75% of an average US Engineering salary goes FAR in India. Nevertheless, the big picture point remains true — salaries eventually normalize around productivity and, given the fiercly competitive global tech market, infinite pools of 3rd world workers aren’t exactly lying in wait (of course, the right policy mistakes can make this happen, but let’s not go there for now). It is, on the otherhand, pretty impressive and a testament to modern tech + capitalism that it’s happened this fast.
My company, Roundbox, has some similar, interesting anecdotal experience with outsourcing…
We started our operations ~3 yrs ago with an offshore office in India which was ultimately staffed up to about 10-15 folks. And, we also eventually closed down the office for very similar reasons to Munjal Shah @ Riya and the reasons documented in the article —
- Cost: It wasn’t much cheaper than having folks in the US. As a venture funded startup, much of the attraction to outsourcing was, obviously, about getting the most mileage out of precious working capital. And it was getting more and more expensive every 6 months -
Nasscom puts wage inflation in its industry at 10% to 15% a year. Some tech executives say it’s closer to 50%. In the U.S., wage inflation in the software sector is under 3%, according to Moody’s Economy.com.

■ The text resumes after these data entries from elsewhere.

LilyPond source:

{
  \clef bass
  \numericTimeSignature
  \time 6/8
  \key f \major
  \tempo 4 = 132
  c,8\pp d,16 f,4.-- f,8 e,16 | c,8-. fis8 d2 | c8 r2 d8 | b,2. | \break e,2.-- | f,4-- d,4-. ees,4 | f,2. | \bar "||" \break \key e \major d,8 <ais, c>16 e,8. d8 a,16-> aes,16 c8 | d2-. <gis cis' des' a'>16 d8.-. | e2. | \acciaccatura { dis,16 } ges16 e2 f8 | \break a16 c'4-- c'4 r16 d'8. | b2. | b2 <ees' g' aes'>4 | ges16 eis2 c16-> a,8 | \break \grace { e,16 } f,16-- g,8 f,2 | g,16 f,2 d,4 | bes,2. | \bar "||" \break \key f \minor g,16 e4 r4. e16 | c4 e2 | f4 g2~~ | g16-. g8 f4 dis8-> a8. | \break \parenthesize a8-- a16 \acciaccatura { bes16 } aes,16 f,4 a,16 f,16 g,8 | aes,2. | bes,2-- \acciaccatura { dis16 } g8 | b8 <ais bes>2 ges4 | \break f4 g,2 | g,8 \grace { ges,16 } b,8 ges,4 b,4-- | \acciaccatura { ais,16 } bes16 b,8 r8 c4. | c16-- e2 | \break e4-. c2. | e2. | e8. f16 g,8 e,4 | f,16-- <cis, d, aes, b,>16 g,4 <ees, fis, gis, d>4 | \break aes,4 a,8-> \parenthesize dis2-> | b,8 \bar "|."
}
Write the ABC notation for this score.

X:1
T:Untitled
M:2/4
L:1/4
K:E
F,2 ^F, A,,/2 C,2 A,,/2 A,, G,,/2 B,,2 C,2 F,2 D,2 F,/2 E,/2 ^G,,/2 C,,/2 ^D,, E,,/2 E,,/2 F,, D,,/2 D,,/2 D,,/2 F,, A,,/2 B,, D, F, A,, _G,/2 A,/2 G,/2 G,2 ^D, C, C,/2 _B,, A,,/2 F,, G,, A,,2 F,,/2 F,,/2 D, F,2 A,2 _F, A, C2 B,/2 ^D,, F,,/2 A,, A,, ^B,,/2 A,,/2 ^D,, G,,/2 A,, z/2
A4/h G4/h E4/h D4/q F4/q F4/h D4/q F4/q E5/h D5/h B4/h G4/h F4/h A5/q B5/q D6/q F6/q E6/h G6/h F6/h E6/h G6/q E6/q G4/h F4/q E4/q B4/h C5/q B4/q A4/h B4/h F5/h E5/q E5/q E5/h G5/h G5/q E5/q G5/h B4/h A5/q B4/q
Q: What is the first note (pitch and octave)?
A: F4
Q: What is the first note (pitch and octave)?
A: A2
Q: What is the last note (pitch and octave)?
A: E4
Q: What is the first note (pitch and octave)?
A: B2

…an average $5,000 annually for a new engineer with little experience — the experienced engineers Silicon Valley companies covet can now cost $60,000 to $100,000 a year. “For the top-level talent, there’s an equalization,”
- Churn: The massive boom in Desi tech meant that turnover rates for employees was becoming greater than even Silicon Valley. For complex tech, turnover KILLS.
Pervasive Software Inc. in Austin opened a Bangalore unit in 2004 and hired 45 people. But soon its annual turnover was more than 25%, says the company’s CEO, John Farr. The company kept investing in training workers only to see them leave.
- Name Brand Hiring: For a variety of reasons, there’s a strong preference for namebrand MNC’s amongst the tech talent in India and, as a new and thus unknown tech company, we couldn’t compete against the Wipro’s, Google’s & Microsoft’s when it came to hiring. In the US, on the other hand, quite a few young, ambitious folks would rather try their luck with a startup vs. going to IBM. Eventually, perhaps, Indians will feel, as their silicon valley brothren do, that “I can get a job at IBM anyday” but until that level of security is felt in their bones, risk tolerances won’t be where it is here in the valley.
- Quality: Perhaps most controversially, the quality just wasn’t all there. Many of the folks were no doubt fantastic, but too many of the famously touted “500,000 tech grads a year” were a notch or 2 below many vo-tech educated folks here in the US.
In a 2005 study, McKinsey & Co. estimated that just a quarter of India’s computer engineers had the language proficiency, cultural fit and practical skills to work at multinational companies.
But in our case, it wasn’t just language but actual core computer science. The ones who were truly as good as the folks we had in the US could easily command… a US-level salary. Return to square #1. - Communication: Famously, outsourcing works great if your product specifications are tightly defined, with crisp clear milestones and well understood, a priori, secondary requirements. Just about every one of these simply ain’t the case in a startup tech environment. When your requirements can’t be clearly stated, management overhead grows exponentially… and once again, in a startup, lack of overhead is supposed to be your competitive advantage -
Kana Software in Menlo Park has one engineering manager for every 25 to 50 engineers, but it found it needed one for every five to 10 engineers it employed in the Indian city of Chennai.
While there are tons of examples otherwise…. at least in our limited experience, outsourcing to India didn’t work out. Perhaps there were little tactical things we could have twittled with to eventually find an arrangement that could work but, alas, we didn’t have time….
Moral of the story - global trade and old fashioned econ 101 has created a pool of folks in India who make some pretty serious dough - even by US standards.